I tried to cover up about the party, When I told her that I couldn’t go out with her on that particular night, I was interrogated. I gave her a story about visiting a sick aunt, but under her third degree, I finally broke down and came out with the truth.

I told her that she couldn’t go since the party was to be an orgy. As a writer, I had to attend to gather material. She countered that a painter also needed that theme. No. I refused to let her get into a compromising situation. Glenn had told me that a wild man would be there. He might make a try for her and then I’d have to go to her aid. My meeting Herby would begin with a fight. There was no question of her attending. I would go alone.

She was firm. I had a choice: either we went together, or I didn’t go. If I went without her, it would be the end. There were tears and threats. But I had decided to go and go I would. This time she wouldn’t bring me around.

Glenn’s party turned out to be a dud. Not a trace of orgy. The dullest party I had ever been to, Herby showed home movies. He was his own star. San Francisco: Herby crossing the Golden Gate Bridge. Herby riding a cable car up Nob Hill. Herby wielding chopsticks in a Chinatown restaurant. They weren’t the real McCoy as Glenn had told me. (Those I would get to see years later.) The only taboo: tea was smoked. Herby told me long after the party that they had used real tea – the kind you make in kettles. But the party was the celebration of the end of the affair. The painter went out of my life, and Herby came in.

As for the painter, a Leporello addendum.

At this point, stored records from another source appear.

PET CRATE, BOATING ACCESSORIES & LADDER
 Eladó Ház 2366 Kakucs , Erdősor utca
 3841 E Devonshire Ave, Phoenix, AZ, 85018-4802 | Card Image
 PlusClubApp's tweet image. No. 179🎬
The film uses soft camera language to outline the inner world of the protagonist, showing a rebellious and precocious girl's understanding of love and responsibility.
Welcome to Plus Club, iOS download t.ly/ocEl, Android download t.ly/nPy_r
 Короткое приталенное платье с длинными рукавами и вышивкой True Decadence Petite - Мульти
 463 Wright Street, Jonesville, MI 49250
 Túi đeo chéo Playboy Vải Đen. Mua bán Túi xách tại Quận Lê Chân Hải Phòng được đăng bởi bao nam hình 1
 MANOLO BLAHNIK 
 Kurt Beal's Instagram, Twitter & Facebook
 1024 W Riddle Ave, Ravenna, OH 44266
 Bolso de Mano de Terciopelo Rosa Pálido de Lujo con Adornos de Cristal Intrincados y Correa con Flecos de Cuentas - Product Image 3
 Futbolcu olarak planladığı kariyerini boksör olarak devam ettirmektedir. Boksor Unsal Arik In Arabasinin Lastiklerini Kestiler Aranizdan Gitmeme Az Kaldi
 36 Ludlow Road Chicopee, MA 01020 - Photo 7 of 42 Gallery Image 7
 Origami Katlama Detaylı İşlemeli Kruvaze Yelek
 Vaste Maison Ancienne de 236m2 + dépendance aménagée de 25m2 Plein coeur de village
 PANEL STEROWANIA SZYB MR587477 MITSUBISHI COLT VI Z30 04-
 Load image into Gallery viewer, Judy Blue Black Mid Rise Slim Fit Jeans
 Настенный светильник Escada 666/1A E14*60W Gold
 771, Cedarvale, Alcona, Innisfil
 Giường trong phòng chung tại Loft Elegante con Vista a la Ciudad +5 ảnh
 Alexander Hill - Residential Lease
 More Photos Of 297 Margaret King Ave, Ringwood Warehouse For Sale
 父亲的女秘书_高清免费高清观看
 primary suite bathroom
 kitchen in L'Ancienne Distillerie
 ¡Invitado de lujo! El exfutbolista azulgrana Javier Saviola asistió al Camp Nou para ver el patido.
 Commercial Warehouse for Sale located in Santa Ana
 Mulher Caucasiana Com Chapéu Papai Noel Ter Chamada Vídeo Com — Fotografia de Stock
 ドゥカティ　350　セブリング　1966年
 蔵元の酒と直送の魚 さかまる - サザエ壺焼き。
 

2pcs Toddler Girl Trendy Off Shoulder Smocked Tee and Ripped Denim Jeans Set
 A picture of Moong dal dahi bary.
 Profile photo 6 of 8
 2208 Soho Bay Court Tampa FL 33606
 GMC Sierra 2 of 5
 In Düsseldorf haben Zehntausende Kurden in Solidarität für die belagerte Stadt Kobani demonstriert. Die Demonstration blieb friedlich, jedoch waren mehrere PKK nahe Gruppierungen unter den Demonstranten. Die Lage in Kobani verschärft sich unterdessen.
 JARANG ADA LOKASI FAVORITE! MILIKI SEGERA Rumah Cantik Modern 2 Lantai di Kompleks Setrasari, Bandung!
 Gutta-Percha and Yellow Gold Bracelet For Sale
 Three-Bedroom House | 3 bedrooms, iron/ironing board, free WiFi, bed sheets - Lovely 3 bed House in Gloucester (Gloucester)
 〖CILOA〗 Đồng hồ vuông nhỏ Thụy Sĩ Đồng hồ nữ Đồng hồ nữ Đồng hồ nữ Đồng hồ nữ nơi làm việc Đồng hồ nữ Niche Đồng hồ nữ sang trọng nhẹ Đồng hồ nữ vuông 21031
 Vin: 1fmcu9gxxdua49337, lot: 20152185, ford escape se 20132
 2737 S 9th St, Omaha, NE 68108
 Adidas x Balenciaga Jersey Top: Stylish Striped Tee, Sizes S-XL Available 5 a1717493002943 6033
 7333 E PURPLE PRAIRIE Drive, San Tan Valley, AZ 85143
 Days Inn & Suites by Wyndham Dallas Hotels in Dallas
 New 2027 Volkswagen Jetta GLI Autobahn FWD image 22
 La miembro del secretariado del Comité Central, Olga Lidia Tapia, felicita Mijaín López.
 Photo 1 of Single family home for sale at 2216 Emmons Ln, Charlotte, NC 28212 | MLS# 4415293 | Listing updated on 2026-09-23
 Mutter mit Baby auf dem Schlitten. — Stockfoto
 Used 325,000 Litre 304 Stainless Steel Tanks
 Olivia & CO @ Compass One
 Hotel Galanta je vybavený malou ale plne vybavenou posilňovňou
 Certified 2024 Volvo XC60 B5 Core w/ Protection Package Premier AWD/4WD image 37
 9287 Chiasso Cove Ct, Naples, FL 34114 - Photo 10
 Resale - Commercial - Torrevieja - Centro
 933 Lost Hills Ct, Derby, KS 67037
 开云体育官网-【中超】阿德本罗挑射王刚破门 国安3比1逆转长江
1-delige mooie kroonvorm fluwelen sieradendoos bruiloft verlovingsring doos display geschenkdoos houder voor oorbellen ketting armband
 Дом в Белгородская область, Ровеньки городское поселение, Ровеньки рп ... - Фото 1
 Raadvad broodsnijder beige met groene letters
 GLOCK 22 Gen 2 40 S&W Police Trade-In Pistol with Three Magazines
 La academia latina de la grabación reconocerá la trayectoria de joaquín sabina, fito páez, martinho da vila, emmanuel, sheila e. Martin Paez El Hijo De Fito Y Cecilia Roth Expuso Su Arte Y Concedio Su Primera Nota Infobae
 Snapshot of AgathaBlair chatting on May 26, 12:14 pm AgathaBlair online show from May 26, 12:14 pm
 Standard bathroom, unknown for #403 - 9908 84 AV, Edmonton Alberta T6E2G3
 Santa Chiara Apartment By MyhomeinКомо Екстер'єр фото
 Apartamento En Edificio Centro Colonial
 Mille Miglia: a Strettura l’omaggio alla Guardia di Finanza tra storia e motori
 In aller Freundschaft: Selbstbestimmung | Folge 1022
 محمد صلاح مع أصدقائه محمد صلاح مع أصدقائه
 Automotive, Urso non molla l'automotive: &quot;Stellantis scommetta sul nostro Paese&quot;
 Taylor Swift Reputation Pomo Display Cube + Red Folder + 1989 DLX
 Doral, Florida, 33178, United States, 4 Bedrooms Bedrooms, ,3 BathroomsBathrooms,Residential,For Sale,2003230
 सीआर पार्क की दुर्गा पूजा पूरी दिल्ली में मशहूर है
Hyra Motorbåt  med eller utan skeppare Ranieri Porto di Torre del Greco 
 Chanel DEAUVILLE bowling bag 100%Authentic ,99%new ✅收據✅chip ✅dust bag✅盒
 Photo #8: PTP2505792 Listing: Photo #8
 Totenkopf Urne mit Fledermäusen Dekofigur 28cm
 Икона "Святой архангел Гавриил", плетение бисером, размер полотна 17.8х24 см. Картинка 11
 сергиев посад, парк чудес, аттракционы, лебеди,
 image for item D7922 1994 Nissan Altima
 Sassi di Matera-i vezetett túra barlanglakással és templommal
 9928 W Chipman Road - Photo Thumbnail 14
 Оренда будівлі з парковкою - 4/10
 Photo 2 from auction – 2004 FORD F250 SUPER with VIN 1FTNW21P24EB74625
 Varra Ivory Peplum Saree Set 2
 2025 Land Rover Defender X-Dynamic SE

When I had met her, there was home-made French bed in her studio. There was only one thing missing – a mattress. The bed, I was told, had been made for the man in her life and that man was me. She had not known me at the, time of construction, but she had a premonition of my arrival. I had come chronologically between bed and mattress. The missing mattress would be provided after we had tied the knot. In the meantime a makeshift mattress would have to do. The ersatz consisted of three stone-hard blocks that would separate when in use. Blue marks were the result. The attendance of the forbidden party brought an end to the bed – and canceled out the mattress.

Some time later, I found out another writer had constructed the bed. (Ah, those writers!) but he had never used it. For him too there were conditions. He was married. The bed would be at his disposal after his divorce. And it was that bed or no bed. It had been his successor who had broken it in.